The BBSRC says that its funding for the research on GM crops would continue even if there was "a Europe-wide ban" on growing them commercially.

Kirtana Chandrasekaran, Friends of the Earth's food campaigner, said: "The Government's support for GM crops and foods is out of all proportion to its non-existent benefits, let alone the public's non-existent desire to consume them.

"Despite continually promising to support sustainable agriculture, it is spending tens of millions on a technology that has fallen flat on its face while starving organic farming, which is producing food that people want to buy.

"It is also staggering that there is no clear information in the public domain on exactly how much money is going into GM research, and that it has proved so hard to get even partial figures out into the light of day."

A farmer's story: 'It's all about control of food production'

The spectre of GM contamination has cost John Turner dear. A succession of trials near his 250 acre farm in Little Bytham, south Lincolnshire, between 2000 and 2002 forced him to stop growing certain crops - suffering heavy financial losses as a result.

"It was a nightmare and we just felt absolutely powerless to do anything over it at all," he recalled. "Without any real protection against contamination, we were forced to stop growing crops like maize that could be vulnerable to cross-pollination. It wasn't easy but it was preferable to the damage that could have been done if our crops were no longer GM-free. We feel that we are in remission at the moment, but every few months there seems to be a new PR push from the GM lobby."

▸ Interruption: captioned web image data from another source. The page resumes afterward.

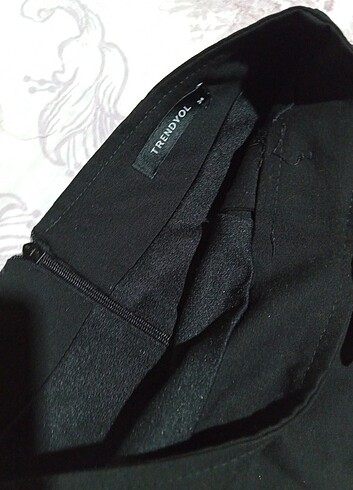 Yırtmaçlı siyah mini etek  - Görsel 5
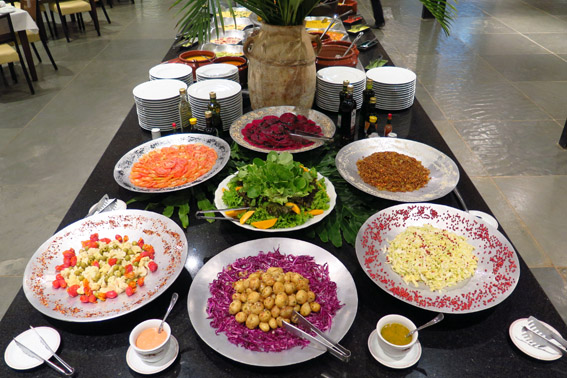 buffet-salada-fazenda-capoava
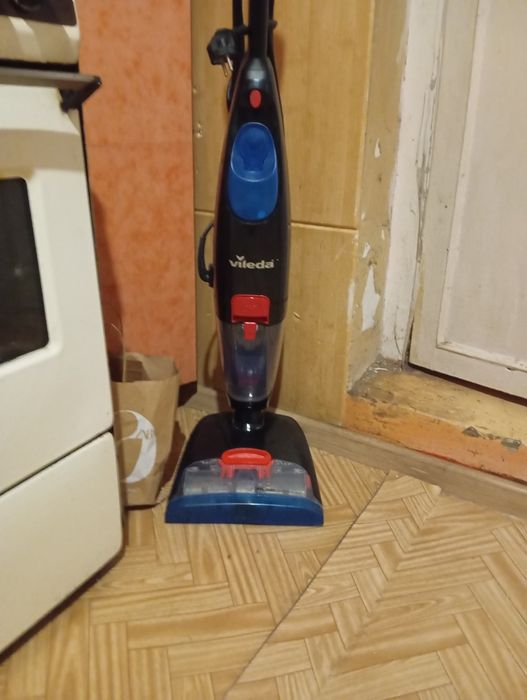 Продам моющий пылесос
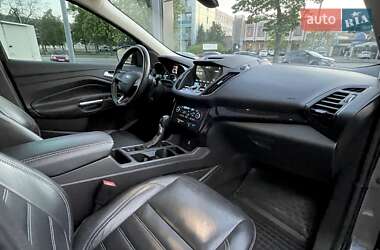 Внедорожник / Кроссовер Ford Escape 2017 в 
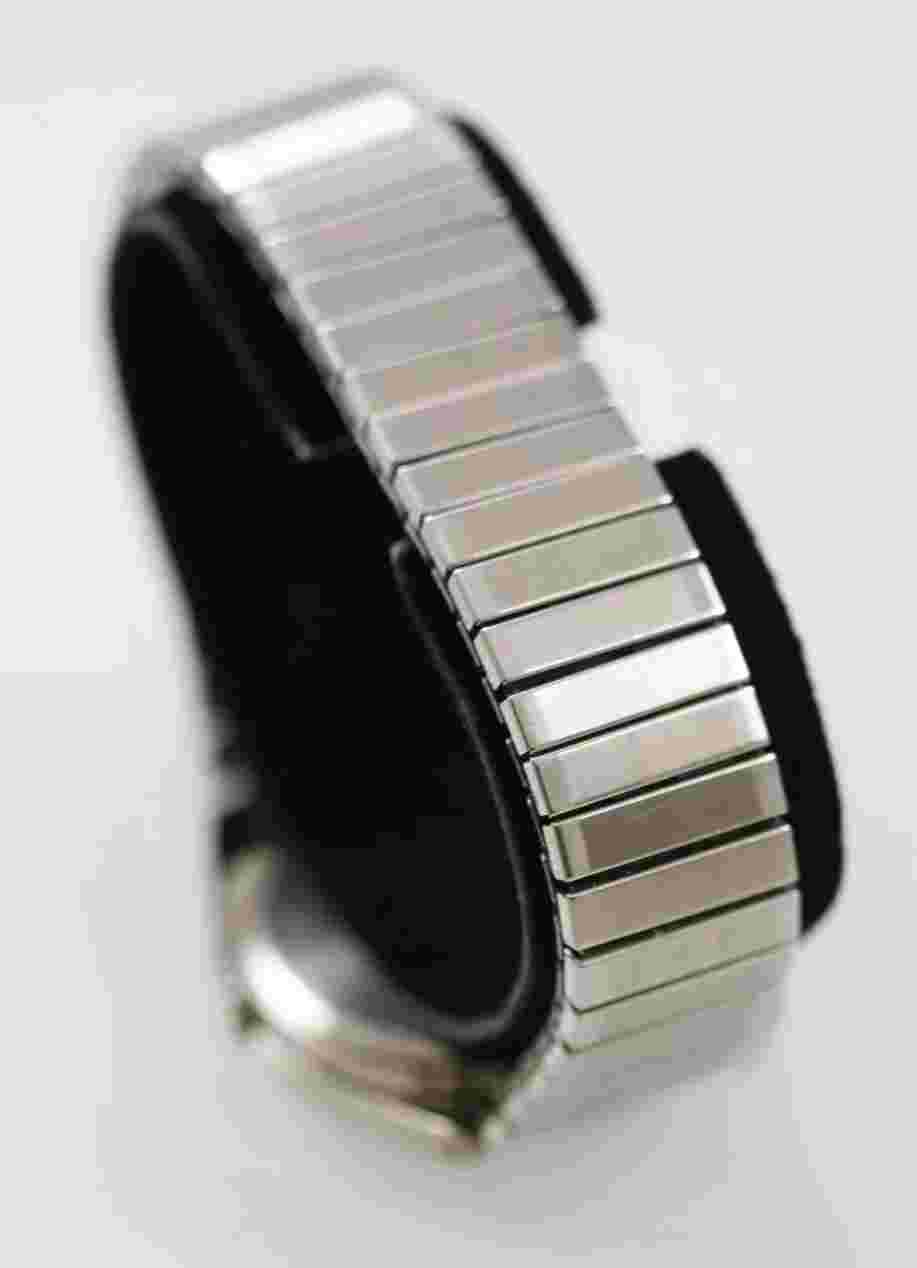 Sharp Men Watch Silver Stainless St Stretch  Battery Water Res Date White Quartz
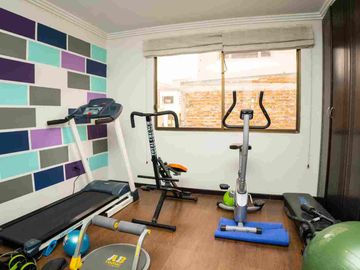 SE VENDE CASA EN RACAR - CUENCA, CDLA. EL ROSARIO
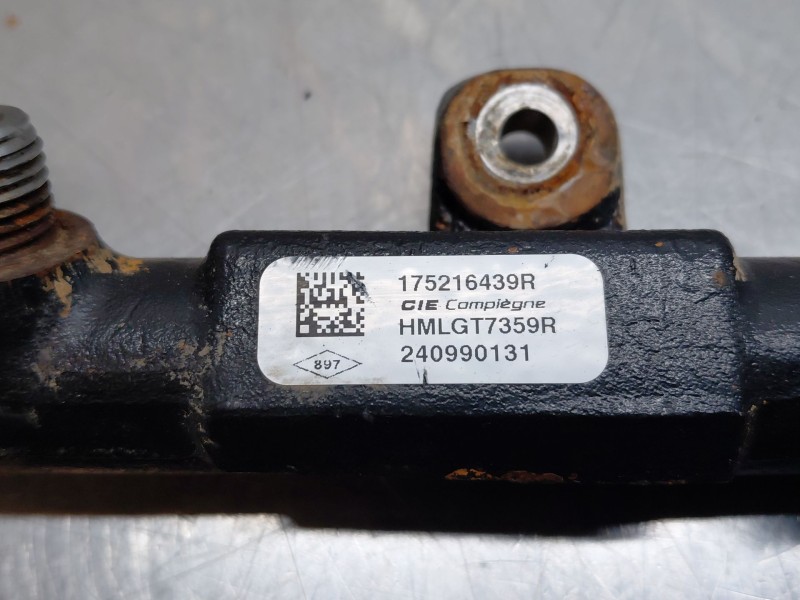 Recambio de rampa inyectora para renault master iii furgón referencia OEM IAM 175216439R  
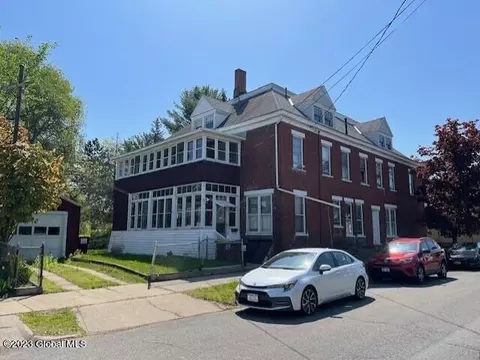 522 Chestnut St, Mechanicville, NY 12118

The facts are being twisted to fit a commercial agenda, according to Mr Turner: "There is no sound science behind the push for GM crops. It's all about money and control of not only the seeds but also food production from one end to the other. The more I find out about it the less I understand why there has been this impetus to force this technology on farming. It has been hugely over-hyped by those trying to promote it. There are plenty of ways of improving crops that don't involve swapping genes around.

"But farmers could sleepwalk into using GM crops and by the time they realise the proposed benefits just aren't there they will not be in a position to go back to a GM-free style of agriculture - that's the danger and that's been the experience of farmers in other parts of the world."